I was sticking the notification in my pocket hurriedly—and I caught a glimpse of my horrible monkey hand. I was reminded of how she, I-330, on the walk that day, took my hand and looked at it. Surely, she doesn’t actually …
And now it is fifteen minutes to 21:00. A white night. Everything is greenish-glassy. But it is a sort of different, fragile glass—not ours, not real—it is a fine glass shell and under this shell, things are spinning, flying, humming … And I would not be surprised if now the cupolas of the auditorium arose in round, slow smoke and the elderly moon inkily grinned—like that woman who sat behind the little desk this morning—and if all blinds were lowered immediately, and if behind those blinds …
A strange feeling: my ribs felt something like iron twigs and they were obstructing—they were positively obstructing my heart, and tightening, so there wasn’t enough space for it. I stood at the glass door with the golden digits I-330. She was bent over a table with her back to me, writing something. I walked in …

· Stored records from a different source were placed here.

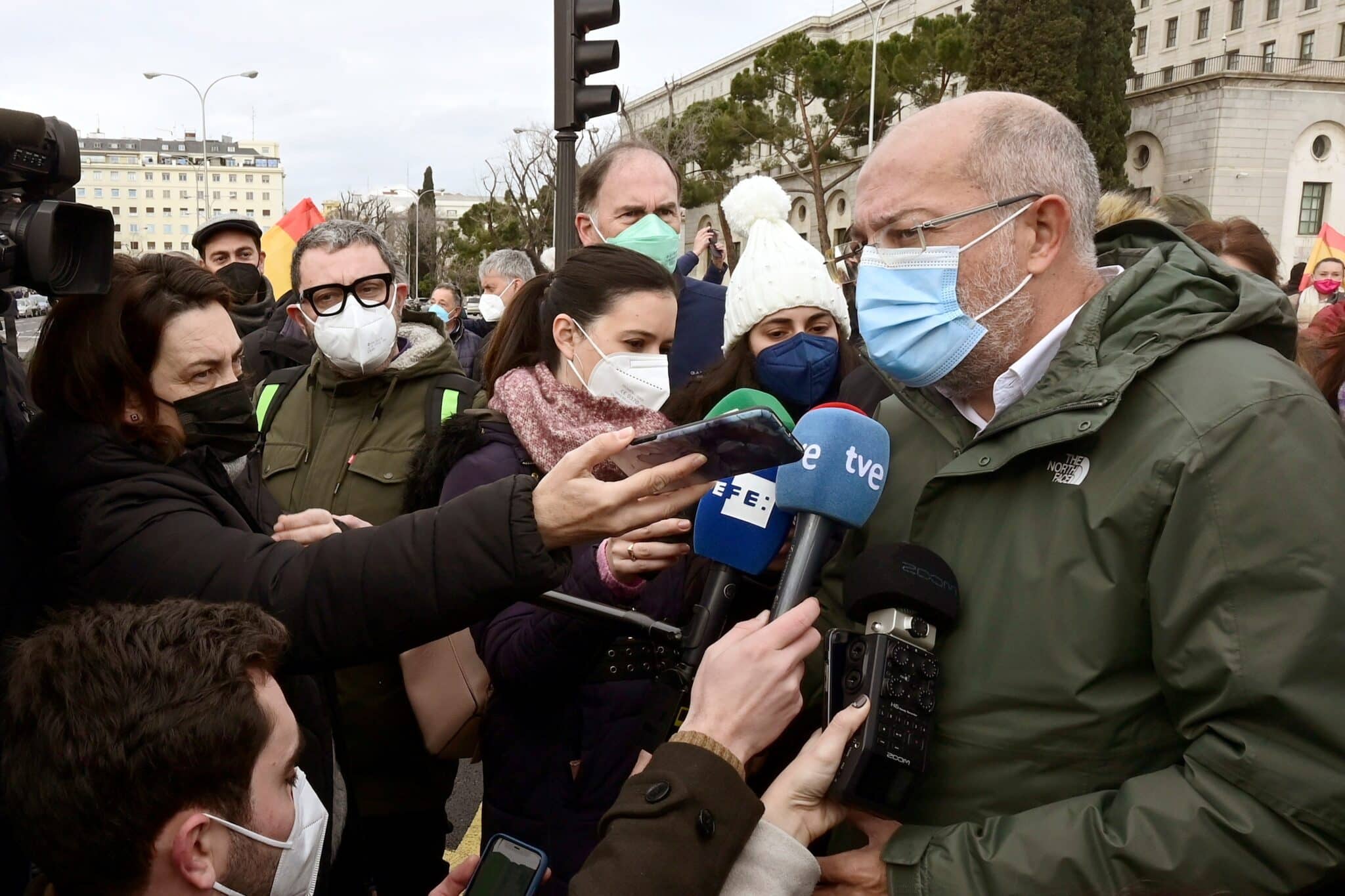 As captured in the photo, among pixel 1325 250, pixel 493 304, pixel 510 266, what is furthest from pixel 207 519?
pixel 1325 250

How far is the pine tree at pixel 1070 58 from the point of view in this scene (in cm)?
3306

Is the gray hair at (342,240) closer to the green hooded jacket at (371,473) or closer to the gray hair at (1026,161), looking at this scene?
the green hooded jacket at (371,473)

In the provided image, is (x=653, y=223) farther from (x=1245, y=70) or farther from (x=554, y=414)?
(x=1245, y=70)

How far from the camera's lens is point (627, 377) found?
112 inches

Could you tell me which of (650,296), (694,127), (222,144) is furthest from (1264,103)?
(222,144)

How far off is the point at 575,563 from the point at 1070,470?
1160mm

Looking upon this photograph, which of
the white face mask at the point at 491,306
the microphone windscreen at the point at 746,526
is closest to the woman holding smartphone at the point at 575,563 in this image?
the microphone windscreen at the point at 746,526

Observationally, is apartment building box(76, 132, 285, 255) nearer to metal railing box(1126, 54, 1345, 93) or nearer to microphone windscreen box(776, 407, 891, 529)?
metal railing box(1126, 54, 1345, 93)

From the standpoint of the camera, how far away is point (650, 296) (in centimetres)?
287

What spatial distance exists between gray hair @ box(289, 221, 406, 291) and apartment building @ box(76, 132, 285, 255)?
129 m

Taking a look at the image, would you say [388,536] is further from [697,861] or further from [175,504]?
[697,861]

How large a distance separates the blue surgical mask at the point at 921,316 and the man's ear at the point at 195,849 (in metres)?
1.39

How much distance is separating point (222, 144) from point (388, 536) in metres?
140

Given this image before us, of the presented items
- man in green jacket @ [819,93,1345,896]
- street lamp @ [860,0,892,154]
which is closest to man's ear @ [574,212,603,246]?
man in green jacket @ [819,93,1345,896] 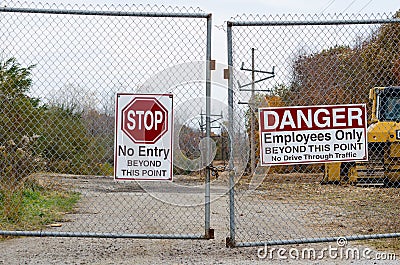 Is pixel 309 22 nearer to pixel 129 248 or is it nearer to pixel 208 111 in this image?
pixel 208 111

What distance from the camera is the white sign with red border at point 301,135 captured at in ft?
19.9

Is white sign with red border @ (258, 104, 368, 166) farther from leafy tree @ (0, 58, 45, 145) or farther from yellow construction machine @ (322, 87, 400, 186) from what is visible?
yellow construction machine @ (322, 87, 400, 186)

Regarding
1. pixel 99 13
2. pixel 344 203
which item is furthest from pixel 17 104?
pixel 344 203

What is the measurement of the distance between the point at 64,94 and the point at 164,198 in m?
6.32

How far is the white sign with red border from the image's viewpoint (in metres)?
6.07

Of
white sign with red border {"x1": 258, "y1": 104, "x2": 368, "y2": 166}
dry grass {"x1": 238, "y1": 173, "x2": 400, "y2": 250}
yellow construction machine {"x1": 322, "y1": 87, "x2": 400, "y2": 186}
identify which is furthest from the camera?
yellow construction machine {"x1": 322, "y1": 87, "x2": 400, "y2": 186}

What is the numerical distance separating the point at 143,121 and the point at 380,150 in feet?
20.8

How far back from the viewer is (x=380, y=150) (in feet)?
35.7

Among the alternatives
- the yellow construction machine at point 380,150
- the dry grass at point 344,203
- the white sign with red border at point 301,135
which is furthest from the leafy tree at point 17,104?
the yellow construction machine at point 380,150

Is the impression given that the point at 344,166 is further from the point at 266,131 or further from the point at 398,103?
the point at 266,131

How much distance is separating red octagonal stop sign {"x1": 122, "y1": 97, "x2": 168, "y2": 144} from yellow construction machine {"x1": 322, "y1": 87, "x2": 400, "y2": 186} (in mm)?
5026

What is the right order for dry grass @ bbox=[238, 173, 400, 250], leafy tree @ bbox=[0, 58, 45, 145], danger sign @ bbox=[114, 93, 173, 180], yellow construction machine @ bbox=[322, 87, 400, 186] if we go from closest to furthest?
danger sign @ bbox=[114, 93, 173, 180] → leafy tree @ bbox=[0, 58, 45, 145] → dry grass @ bbox=[238, 173, 400, 250] → yellow construction machine @ bbox=[322, 87, 400, 186]

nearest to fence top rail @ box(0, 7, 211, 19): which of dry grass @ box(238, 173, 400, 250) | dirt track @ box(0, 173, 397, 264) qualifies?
dirt track @ box(0, 173, 397, 264)

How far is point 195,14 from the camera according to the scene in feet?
19.1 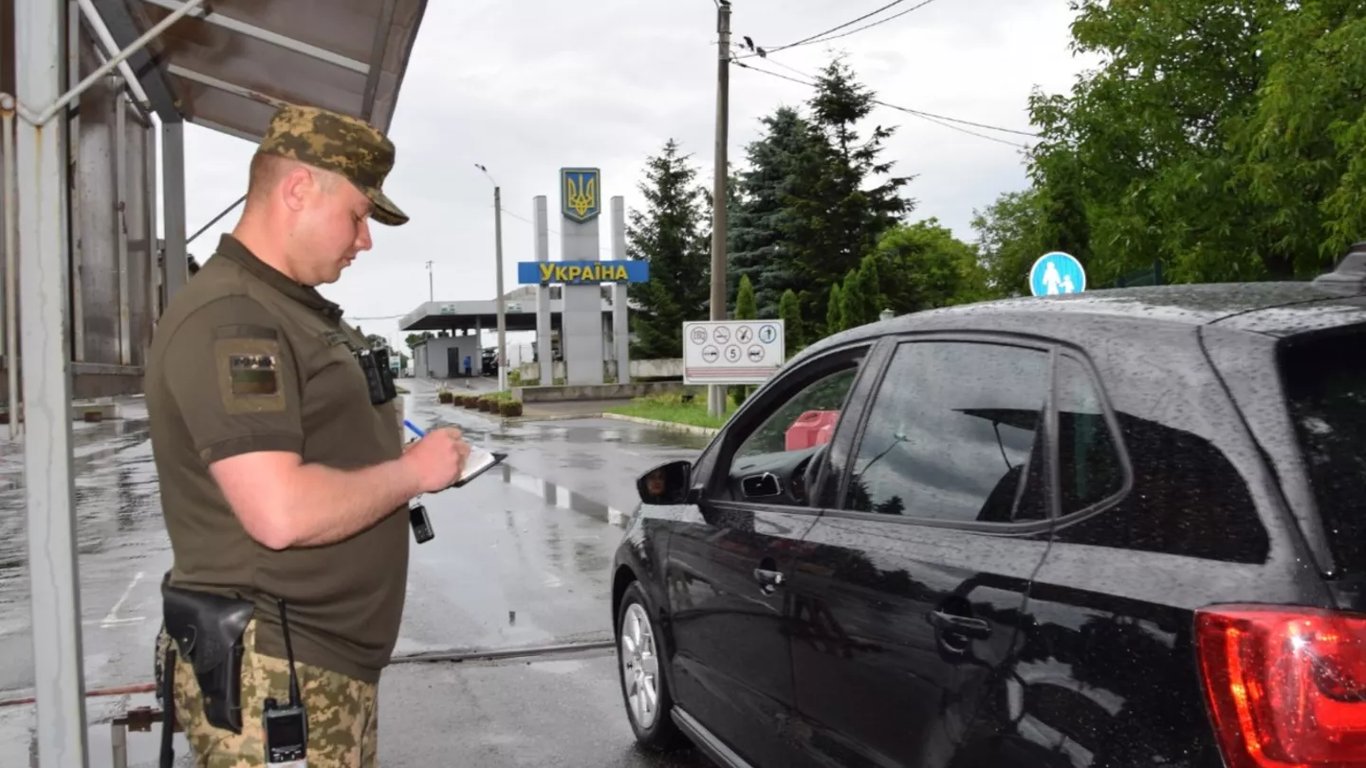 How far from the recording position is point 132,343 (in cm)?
494

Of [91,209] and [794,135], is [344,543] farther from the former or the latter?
[794,135]

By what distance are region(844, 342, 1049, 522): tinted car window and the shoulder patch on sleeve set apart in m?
1.47

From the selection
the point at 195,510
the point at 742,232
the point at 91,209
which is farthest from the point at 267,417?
the point at 742,232

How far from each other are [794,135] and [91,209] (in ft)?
159

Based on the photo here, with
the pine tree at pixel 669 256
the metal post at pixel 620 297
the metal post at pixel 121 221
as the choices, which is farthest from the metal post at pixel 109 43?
the pine tree at pixel 669 256

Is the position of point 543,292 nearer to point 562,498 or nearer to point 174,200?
point 562,498

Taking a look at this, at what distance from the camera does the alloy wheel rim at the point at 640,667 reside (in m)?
4.48

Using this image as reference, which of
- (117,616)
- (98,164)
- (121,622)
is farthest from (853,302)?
(98,164)

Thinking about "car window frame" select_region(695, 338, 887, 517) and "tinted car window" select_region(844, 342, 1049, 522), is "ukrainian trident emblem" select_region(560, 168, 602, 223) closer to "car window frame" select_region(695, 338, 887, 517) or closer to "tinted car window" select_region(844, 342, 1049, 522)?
"car window frame" select_region(695, 338, 887, 517)

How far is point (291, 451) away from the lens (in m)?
2.03

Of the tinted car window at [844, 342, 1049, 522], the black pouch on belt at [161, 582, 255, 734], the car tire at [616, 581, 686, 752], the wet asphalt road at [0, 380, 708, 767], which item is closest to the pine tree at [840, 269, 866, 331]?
the wet asphalt road at [0, 380, 708, 767]

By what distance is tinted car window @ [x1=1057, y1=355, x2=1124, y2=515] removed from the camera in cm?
221

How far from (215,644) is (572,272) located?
3997cm

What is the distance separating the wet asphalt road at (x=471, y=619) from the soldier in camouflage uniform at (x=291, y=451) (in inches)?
57.5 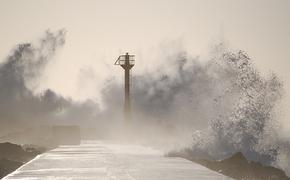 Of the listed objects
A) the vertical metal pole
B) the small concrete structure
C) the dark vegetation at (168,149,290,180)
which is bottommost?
the dark vegetation at (168,149,290,180)

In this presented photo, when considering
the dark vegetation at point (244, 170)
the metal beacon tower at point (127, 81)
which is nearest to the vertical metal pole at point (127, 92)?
the metal beacon tower at point (127, 81)

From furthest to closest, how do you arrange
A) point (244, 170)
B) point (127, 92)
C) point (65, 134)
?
point (127, 92)
point (65, 134)
point (244, 170)

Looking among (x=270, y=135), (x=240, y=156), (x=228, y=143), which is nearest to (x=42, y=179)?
(x=240, y=156)

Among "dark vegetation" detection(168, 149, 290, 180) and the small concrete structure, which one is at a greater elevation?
the small concrete structure

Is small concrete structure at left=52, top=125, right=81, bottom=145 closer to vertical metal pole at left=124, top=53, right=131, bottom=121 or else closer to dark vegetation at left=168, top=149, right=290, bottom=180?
vertical metal pole at left=124, top=53, right=131, bottom=121

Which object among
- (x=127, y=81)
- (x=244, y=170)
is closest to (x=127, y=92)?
(x=127, y=81)

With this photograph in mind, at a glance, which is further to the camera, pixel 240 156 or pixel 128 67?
pixel 128 67

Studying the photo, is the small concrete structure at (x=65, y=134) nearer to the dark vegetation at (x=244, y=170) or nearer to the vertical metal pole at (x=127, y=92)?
the vertical metal pole at (x=127, y=92)

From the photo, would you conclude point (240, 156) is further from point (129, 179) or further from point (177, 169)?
point (129, 179)

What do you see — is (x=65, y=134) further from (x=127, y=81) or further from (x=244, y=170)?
(x=244, y=170)

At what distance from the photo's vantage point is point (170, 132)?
335 feet

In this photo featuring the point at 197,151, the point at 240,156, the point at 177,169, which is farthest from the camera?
the point at 197,151

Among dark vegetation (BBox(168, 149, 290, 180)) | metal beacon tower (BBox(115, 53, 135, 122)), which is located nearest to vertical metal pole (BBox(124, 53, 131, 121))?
metal beacon tower (BBox(115, 53, 135, 122))

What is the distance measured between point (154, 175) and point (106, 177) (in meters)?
1.89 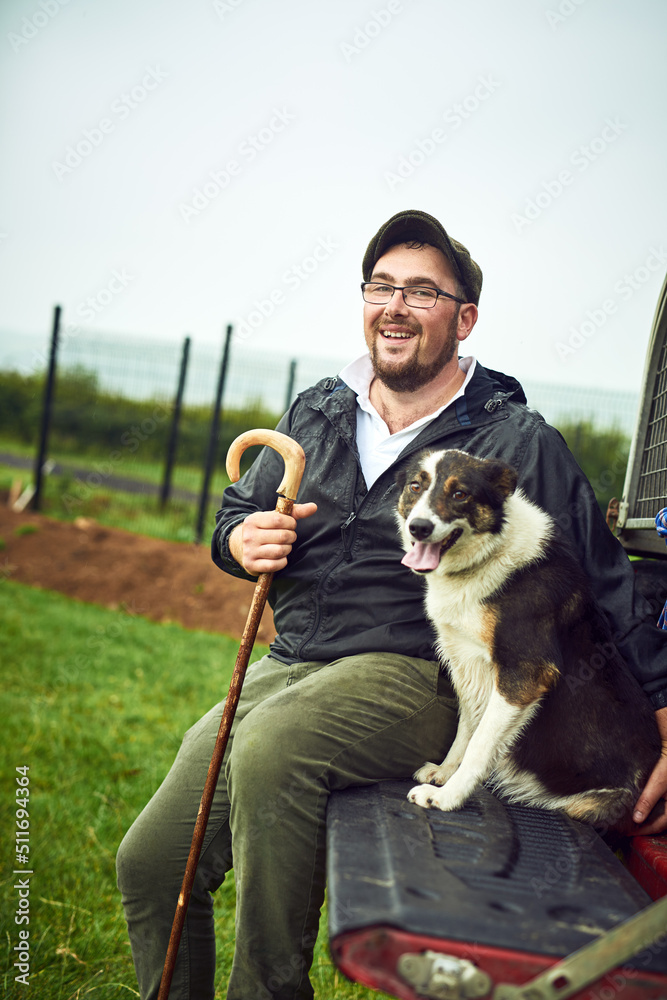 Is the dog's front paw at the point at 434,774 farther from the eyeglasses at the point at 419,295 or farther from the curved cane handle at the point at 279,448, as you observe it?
the eyeglasses at the point at 419,295

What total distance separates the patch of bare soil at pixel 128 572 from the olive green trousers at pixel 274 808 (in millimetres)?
5070

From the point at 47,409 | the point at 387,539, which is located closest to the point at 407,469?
the point at 387,539

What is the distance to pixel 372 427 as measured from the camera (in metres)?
2.87

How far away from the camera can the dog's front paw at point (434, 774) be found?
227cm

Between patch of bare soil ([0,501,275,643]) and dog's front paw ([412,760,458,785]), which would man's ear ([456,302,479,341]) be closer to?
dog's front paw ([412,760,458,785])

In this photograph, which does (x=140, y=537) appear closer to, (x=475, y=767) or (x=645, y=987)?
(x=475, y=767)

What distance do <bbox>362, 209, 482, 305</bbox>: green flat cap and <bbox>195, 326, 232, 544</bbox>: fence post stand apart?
742cm

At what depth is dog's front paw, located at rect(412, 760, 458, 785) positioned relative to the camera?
89.4 inches

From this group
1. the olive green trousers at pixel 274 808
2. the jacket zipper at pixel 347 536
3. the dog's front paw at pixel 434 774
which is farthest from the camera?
the jacket zipper at pixel 347 536

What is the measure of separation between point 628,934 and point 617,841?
43.9 inches

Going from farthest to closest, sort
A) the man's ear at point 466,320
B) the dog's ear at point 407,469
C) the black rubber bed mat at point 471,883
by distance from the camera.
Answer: the man's ear at point 466,320, the dog's ear at point 407,469, the black rubber bed mat at point 471,883

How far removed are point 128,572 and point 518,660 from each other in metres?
7.60

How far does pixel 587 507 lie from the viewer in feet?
8.13

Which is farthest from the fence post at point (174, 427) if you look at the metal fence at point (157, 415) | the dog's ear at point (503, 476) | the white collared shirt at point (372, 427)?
the dog's ear at point (503, 476) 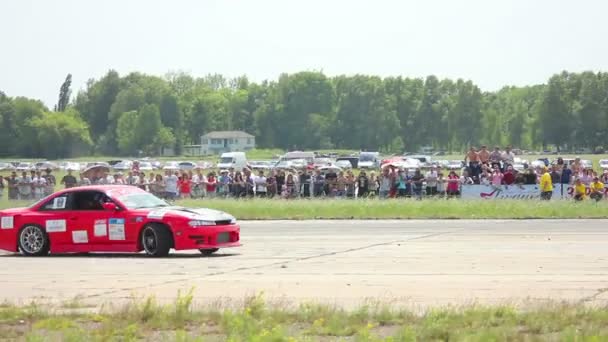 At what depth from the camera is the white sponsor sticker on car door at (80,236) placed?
780 inches

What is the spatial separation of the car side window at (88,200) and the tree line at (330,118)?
118m

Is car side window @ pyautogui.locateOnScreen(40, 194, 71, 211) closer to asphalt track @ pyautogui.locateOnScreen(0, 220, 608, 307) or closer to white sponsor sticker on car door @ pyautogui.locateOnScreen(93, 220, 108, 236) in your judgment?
white sponsor sticker on car door @ pyautogui.locateOnScreen(93, 220, 108, 236)

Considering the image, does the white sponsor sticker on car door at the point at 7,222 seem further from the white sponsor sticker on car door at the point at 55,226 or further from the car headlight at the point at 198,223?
the car headlight at the point at 198,223

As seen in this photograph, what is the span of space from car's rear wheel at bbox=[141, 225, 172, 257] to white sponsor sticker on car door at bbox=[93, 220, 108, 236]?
0.71 meters

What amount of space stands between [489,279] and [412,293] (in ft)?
5.23

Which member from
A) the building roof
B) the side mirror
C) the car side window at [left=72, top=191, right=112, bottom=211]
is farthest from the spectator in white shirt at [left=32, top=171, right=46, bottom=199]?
the building roof

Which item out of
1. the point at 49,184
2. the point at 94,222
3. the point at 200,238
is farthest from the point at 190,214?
the point at 49,184

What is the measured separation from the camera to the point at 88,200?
66.2 ft

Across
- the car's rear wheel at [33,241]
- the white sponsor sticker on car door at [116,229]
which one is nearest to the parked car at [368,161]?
the car's rear wheel at [33,241]

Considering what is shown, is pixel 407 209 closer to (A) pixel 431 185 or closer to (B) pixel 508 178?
(B) pixel 508 178

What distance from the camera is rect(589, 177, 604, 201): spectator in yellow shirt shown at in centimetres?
3231

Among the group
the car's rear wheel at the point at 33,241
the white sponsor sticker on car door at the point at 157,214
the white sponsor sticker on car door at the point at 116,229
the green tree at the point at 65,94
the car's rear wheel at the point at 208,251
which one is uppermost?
the green tree at the point at 65,94

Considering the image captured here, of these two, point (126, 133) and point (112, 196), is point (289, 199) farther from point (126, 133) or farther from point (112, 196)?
point (126, 133)

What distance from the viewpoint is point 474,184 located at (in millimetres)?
34250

“Here …” I extended the pink ticket to her. “I received a notification today and I am now presenting myself.”
“How precise you are! Give me a minute—will you? Have a seat; I am just finishing.”
Again she looked down at the letter—and what was there behind her lowered blinds? What will she say—what will she do in the next second? How could I find out, calculate it, when the whole of her is from that other place, from the wild, ancient land of dreams?
I silently watched her. My ribs were iron twigs, tightly … When she speaks, her face is like a rapidly glittering wheel: you can’t make out the separate spokes. But, at that point, the wheel was immobile. And I saw a strange combination: her dark eyebrows hitched up high to the temples—a mocking, sharp triangle, pointing upward— and two deep wrinkles, from her nose to the corners of her mouth. And these two triangles somehow contradicted each other, imposing on her whole face this unpleasant, irritating X—like a cross. A face crossed out with a cross.
The wheel began to turn; the spokes merged …
“So you didn’t go to the Bureau of Guardians?”